Sunday, January 14, 2001

Song After Song

They were played in no particular order and with no particular significance, but they did remind him of moments when he had heard each of them before. In a coffee shop, on the way to work or in the elevator, or at the dentist's. They were those kinds of songs, adaptable and hummable.
It made him pause to reflect if any of the songs were very recent. Those were the ones he had not thought ready for this group yet, but then Bobby Darin would come on singing, Somewhere, beyond the sea...
And then he was somewhere, beyond the sea, maybe Ipanema, or maybe just somewhere in his own past when Astrud Gilberto told him of a boy who walked on that beach.
Strange, how all these songs evoked wistful memories with nary a happy moment among them. Happy times were always somewhere else, and not just around the corner, but perhaps as far away as beyond the sea.
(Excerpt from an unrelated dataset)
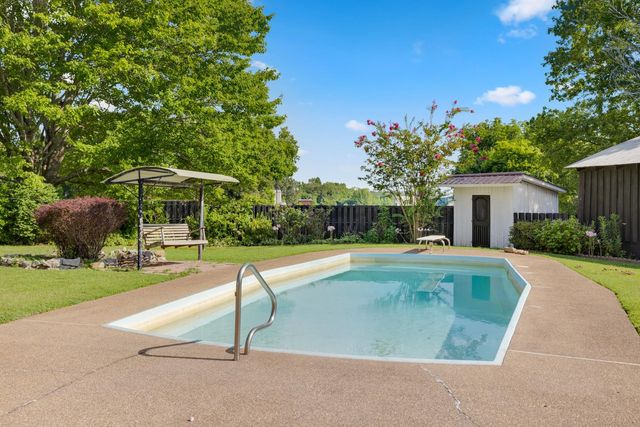 2930 INDIAN CREEK RD, Brighton, TN 38011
He thought of one night in particular, when, as a preteenager, he had been left alone and he had frightened himself with his imagination. He pulled out a notebook that night and tried to exorcise his fear by writing about it in a fictional framework. He wrote his first story then, though it was not the first one published. In fact, it was never published, but he always kept that notebook somewhere within reach. It contained a few short works, a quick reading of which would easily humble him whenever he lost his grounding. He felt the notebook expressed some of his sense of futility.